La teoría sostiene que la red, lejos de ser un espacio de comunicación y libre expresión, se ha convertido en un ecosistema dominado por programas informáticos capaces de crear y viralizar contenidos, generando la ilusión de interacción humana masiva. En los últimos años, esta idea ha ido ganando relevancia: estudios estiman que la proporción de bots podría superar ya al número de usuarios humanos, situándose en un 51% frente al 49% de personas, aunque este porcentaje podría ser mayor. Esto significa que muchas de las tendencias, debates y fenómenos virales que parecen espontáneos podrían estar siendo impulsados artificialmente.

Enríquez señala que este cambio radical afecta también la forma en que los usuarios se relacionan con las redes sociales. La aparición de la Inteligencia Artificial ha potenciado a los bots “maliciosos”, capaces de imitar comportamientos humanos y generar contenido diseñado para viralizarse. Un ejemplo citado por la escritora es el caso de ciertos artistas musicales que han utilizado bots para hacer que canciones específicas se vuelvan extremadamente populares, lo que demuestra cómo la viralización puede ser orquestada y manipulada más que espontánea.

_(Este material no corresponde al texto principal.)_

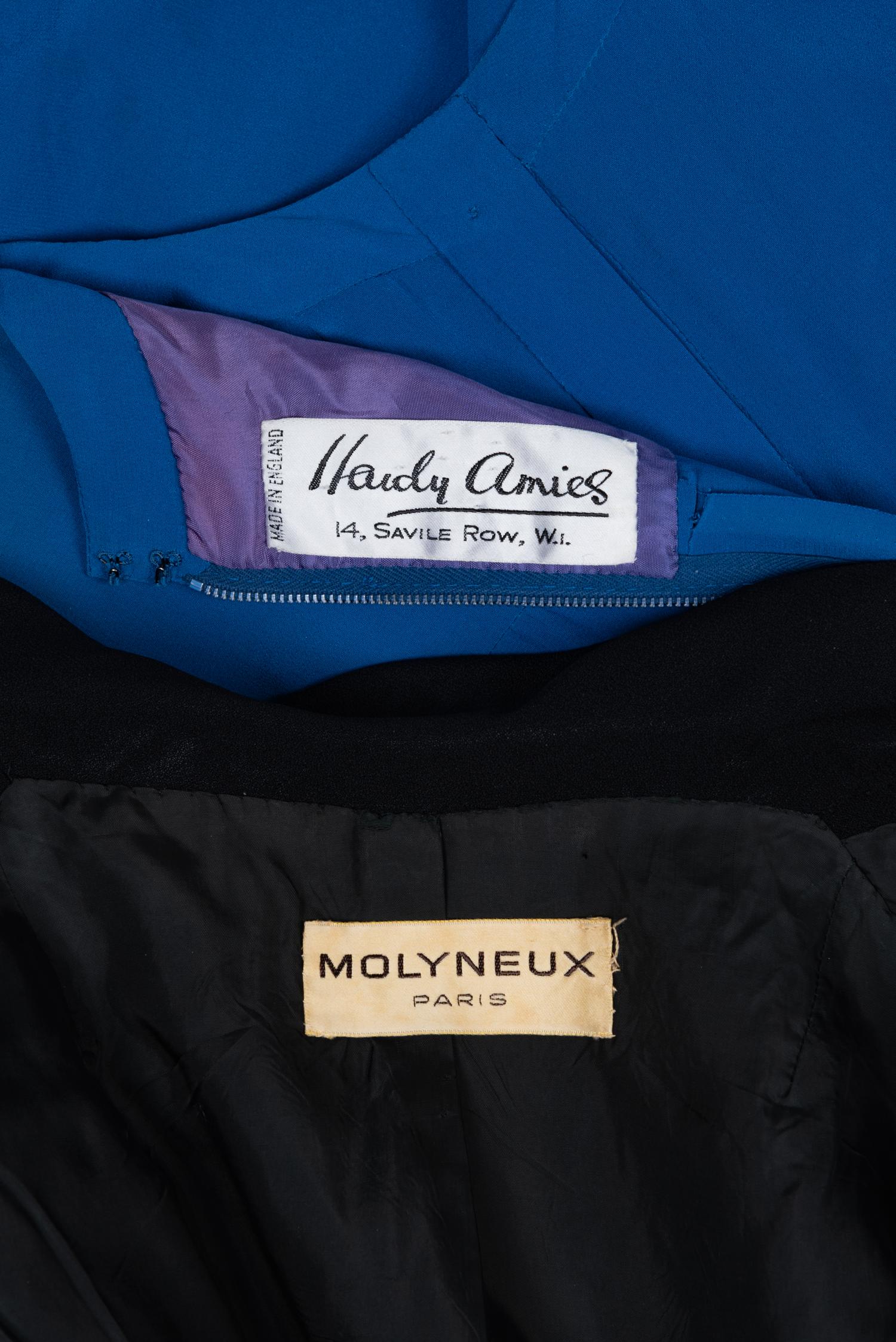 Two Designer Ensembles: One Molyneux, One Hardy Amies, 1960-70s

El problema, según Enríquez, no se limita a la falsedad de algunos contenidos, sino a la manera en que los algoritmos moldean la experiencia de los usuarios. La llamada “Internet Muerta” se alimenta de lo que los expertos denominan el “algoritmo de la rabia”: contenidos diseñados para generar emociones fuertes, como miedo, indignación o incluso placer, que mantienen a los usuarios enganchados durante horas. Publicaciones, videos o debates que provocan enojo se multiplican, porque cuanto más intensas son las emociones, mayor es la interacción y, por ende, los ingresos para las plataformas.

El efecto de esta dinámica es evidente: las redes sociales se han transformado en lugares más agresivos y menos divertidos, donde las discusiones y los conflictos se normalizan y los usuarios comienzan a comportarse de manera más provocativa y hostil. La escritora describe cómo incluso la interacción humana real se ve afectada: los usuarios publican menos espontáneamente y priorizan contenido profesional o promocional, ya que el algoritmo favorece la visibilidad de lo que genera engagement económico más que genuino intercambio social.

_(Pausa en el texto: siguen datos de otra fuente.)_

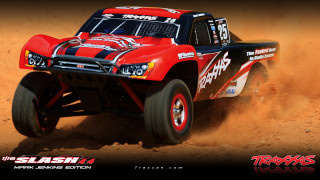 Red truck driving dirt desert - a red truck free wallpaper for desktop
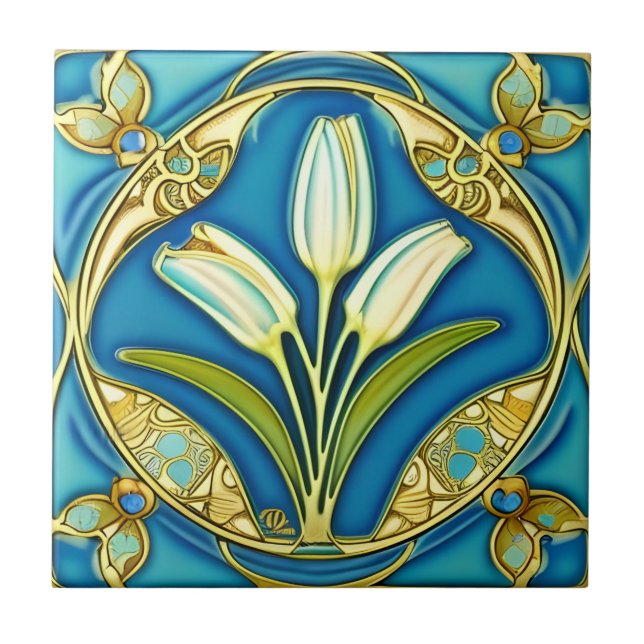 Art Nouveau White Estilizou Lily (Frente)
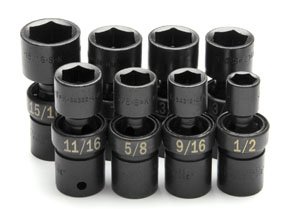SK Hand Tools 34301 8-Piece 1/2-Inch Drive 6 Point Swivel Fractional Impact Socket Set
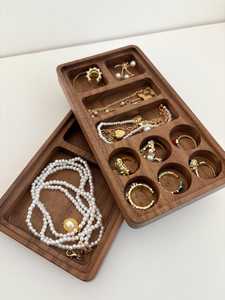Wooden Jewelry Box with Detachable Trays Multi Compartment Ring Holder Necklace Organizer Bracelet <b>Storage</b> Minimalist Design - Product Image 3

Enríquez ejemplifica la situación con el caso de la influencer Winta Zesu, quien generó una controversia masiva con un video diseñado exclusivamente para provocar enojo. La reacción de los usuarios fue intensa, y el contenido se viralizó rápidamente, demostrando que la agresividad y la indignación se han convertido en moneda de cambio en el mundo digital. El fenómeno no se limita a influenciadores: muchos comentarios y debates en línea podrían ser el resultado de bots interactuando entre sí, generando una ilusión de actividad humana que en realidad es artificial.

Expertos en cultura digital, como Jamie Cohen de Queens College, confirman que esta situación tiene efectos profundos sobre la percepción de la realidad en internet. La viralización artificial y la amplificación de la rabia dificultan cada vez más distinguir lo real de lo fabricado, generando desinterés o escepticismo en los usuarios, y creando un entorno donde la atención humana se convierte en un recurso limitado frente a la saturación de información manipulada.

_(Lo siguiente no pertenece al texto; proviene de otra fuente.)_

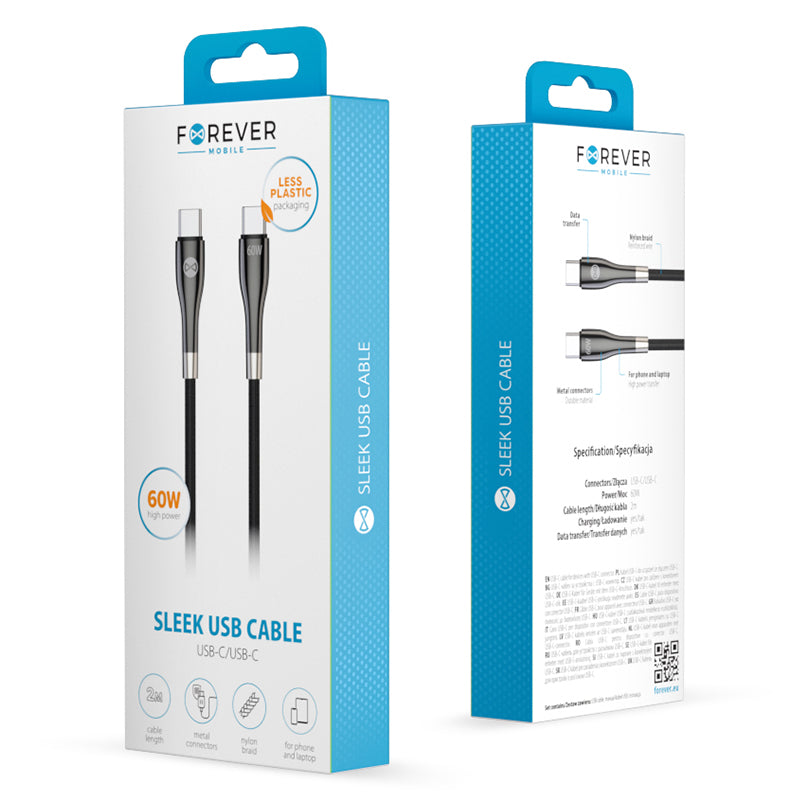 Cablu USB-C la USB-C 2 m 60 W negru Forever GSM180338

En conclusión, la llamada “Internet Muerta” describe un fenómeno preocupante: una red donde los bots, los algoritmos y la Inteligencia Artificial no solo dictan qué contenidos vemos, sino cómo nos sentimos y cómo interactuamos. Las plataformas digitales, que alguna vez funcionaron como espacios de comunicación y creatividad, se transforman progresivamente en cementerios luminosos, dominados por discusiones, insultos y emociones manufacturadas. En este nuevo paisaje digital, los humanos pierden protagonismo y control, mientras los algoritmos dictan la experiencia de navegación, dejando una reflexión inquietante: ¿estamos conectados con otros seres humanos o solo con máquinas que nos imitan?